Leave the images out, and copy each of the records below exactly.

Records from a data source
★ ★ ★ ★ ★
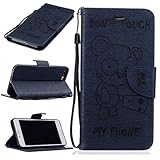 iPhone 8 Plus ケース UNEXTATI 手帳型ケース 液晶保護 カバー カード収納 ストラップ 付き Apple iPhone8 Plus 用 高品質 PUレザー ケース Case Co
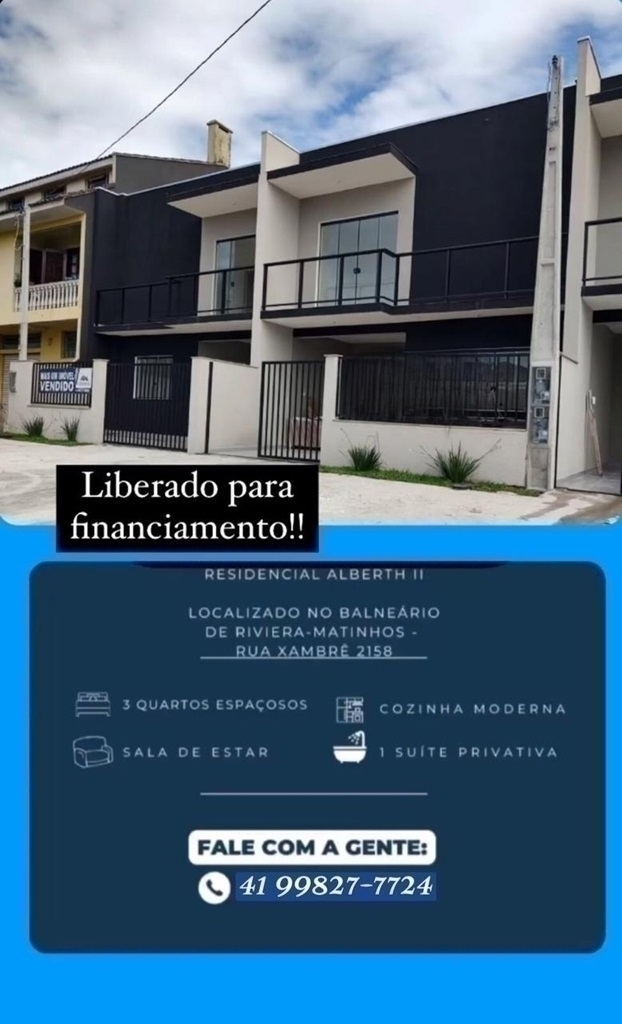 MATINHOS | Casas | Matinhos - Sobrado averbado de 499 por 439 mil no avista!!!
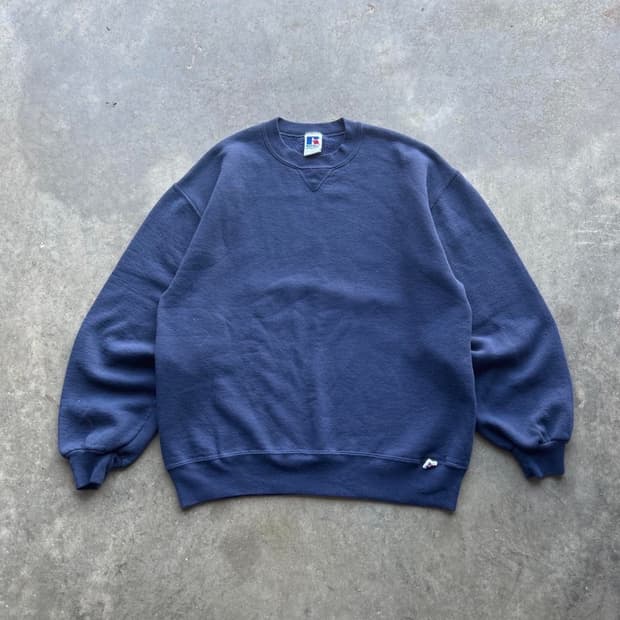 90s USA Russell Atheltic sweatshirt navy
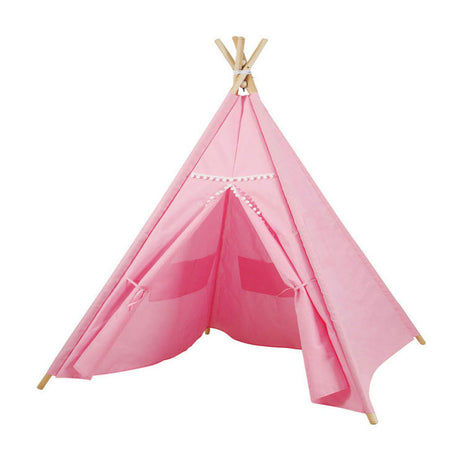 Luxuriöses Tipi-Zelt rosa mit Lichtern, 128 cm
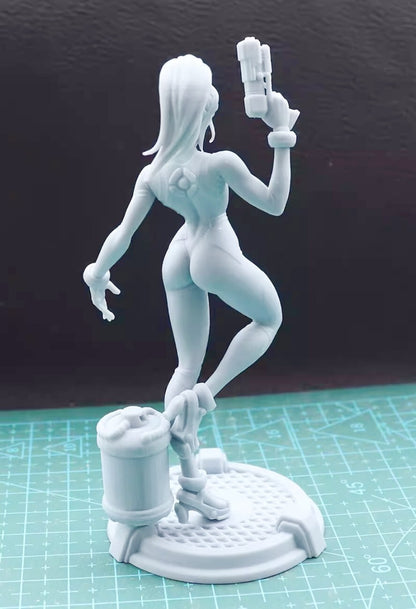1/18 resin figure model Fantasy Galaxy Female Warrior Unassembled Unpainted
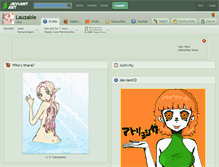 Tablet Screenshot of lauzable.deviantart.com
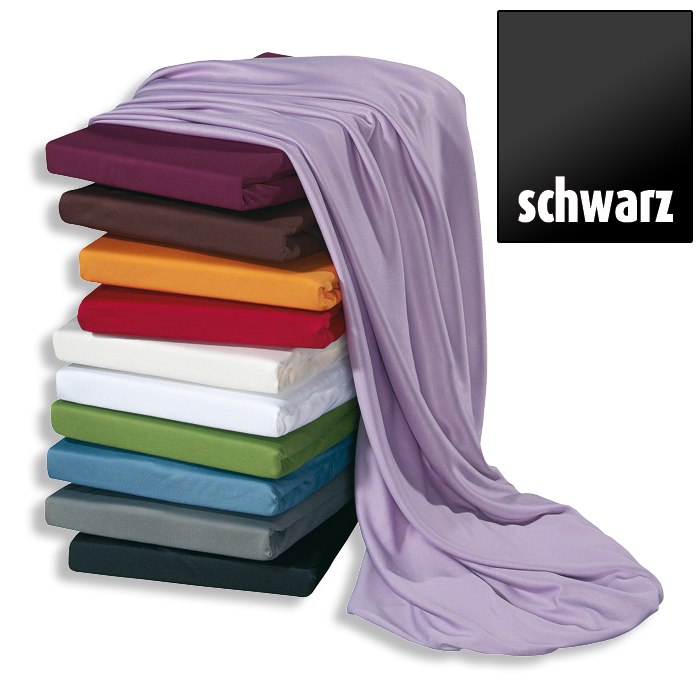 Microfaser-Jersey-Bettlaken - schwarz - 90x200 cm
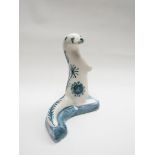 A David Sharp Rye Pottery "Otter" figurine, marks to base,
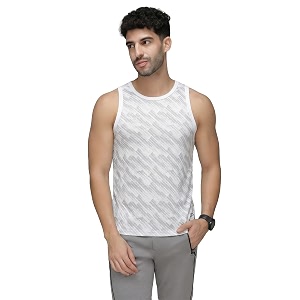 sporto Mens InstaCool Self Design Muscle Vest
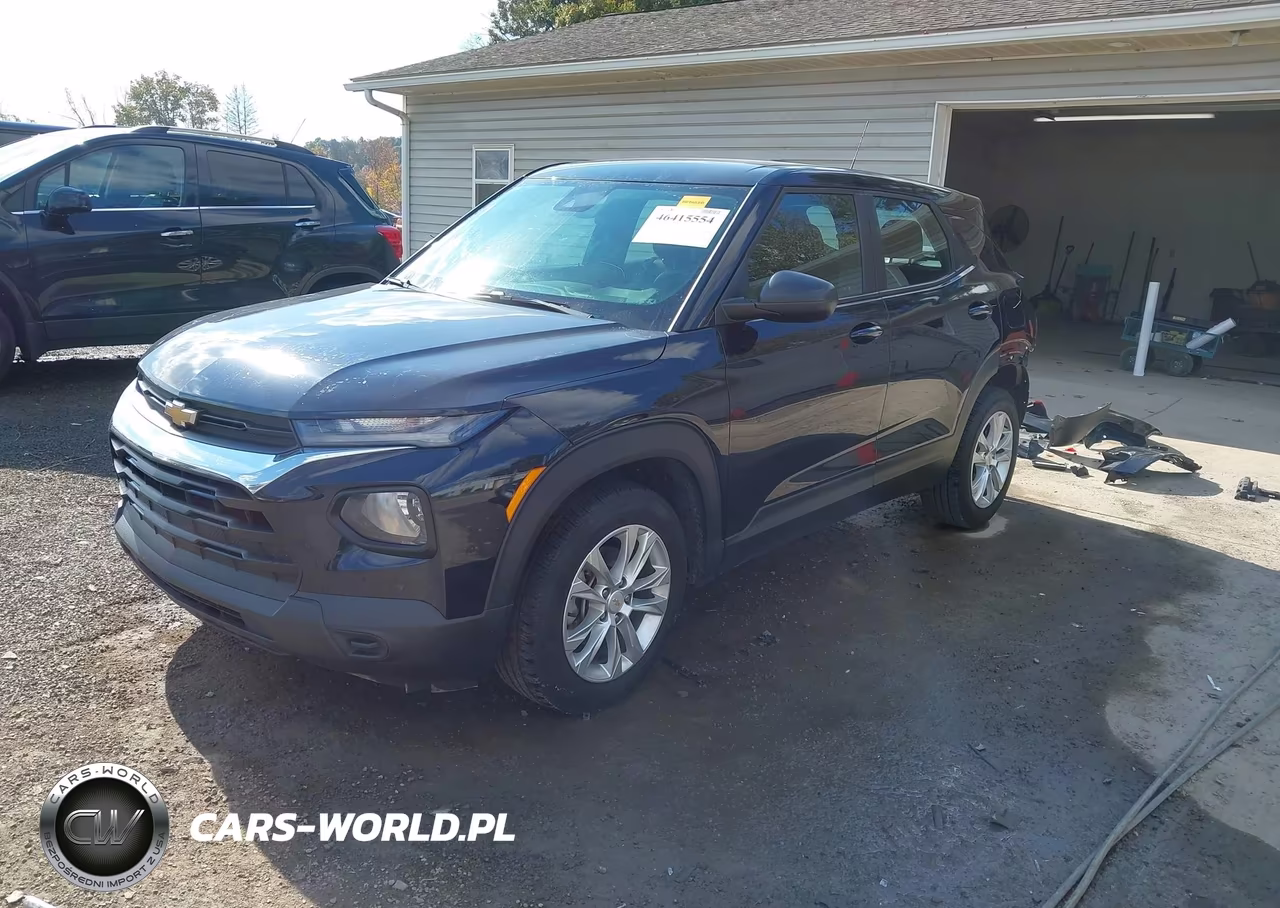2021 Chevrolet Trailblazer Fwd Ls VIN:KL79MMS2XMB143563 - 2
★ ★ ★ ★ ★
Final answer:
 iPhone 8 Plus ケース UNEXTATI 手帳型ケース 液晶保護 カバー カード収納 ストラップ 付き Apple iPhone8 Plus 用 高品質 PUレザー ケース Case Co
 MATINHOS | Casas | Matinhos - Sobrado averbado de 499 por 439 mil no avista!!!
 90s USA Russell Atheltic sweatshirt navy
 Luxuriöses Tipi-Zelt rosa mit Lichtern, 128 cm
1/18 resin figure model Fantasy Galaxy Female Warrior Unassembled Unpainted
 Tablet Screenshot of lauzable.deviantart.com
 Microfaser-Jersey-Bettlaken - schwarz - 90x200 cm
 A David Sharp Rye Pottery "Otter" figurine, marks to base,
 sporto Mens InstaCool Self Design Muscle Vest
2021 Chevrolet Trailblazer Fwd Ls VIN:KL79MMS2XMB143563 - 2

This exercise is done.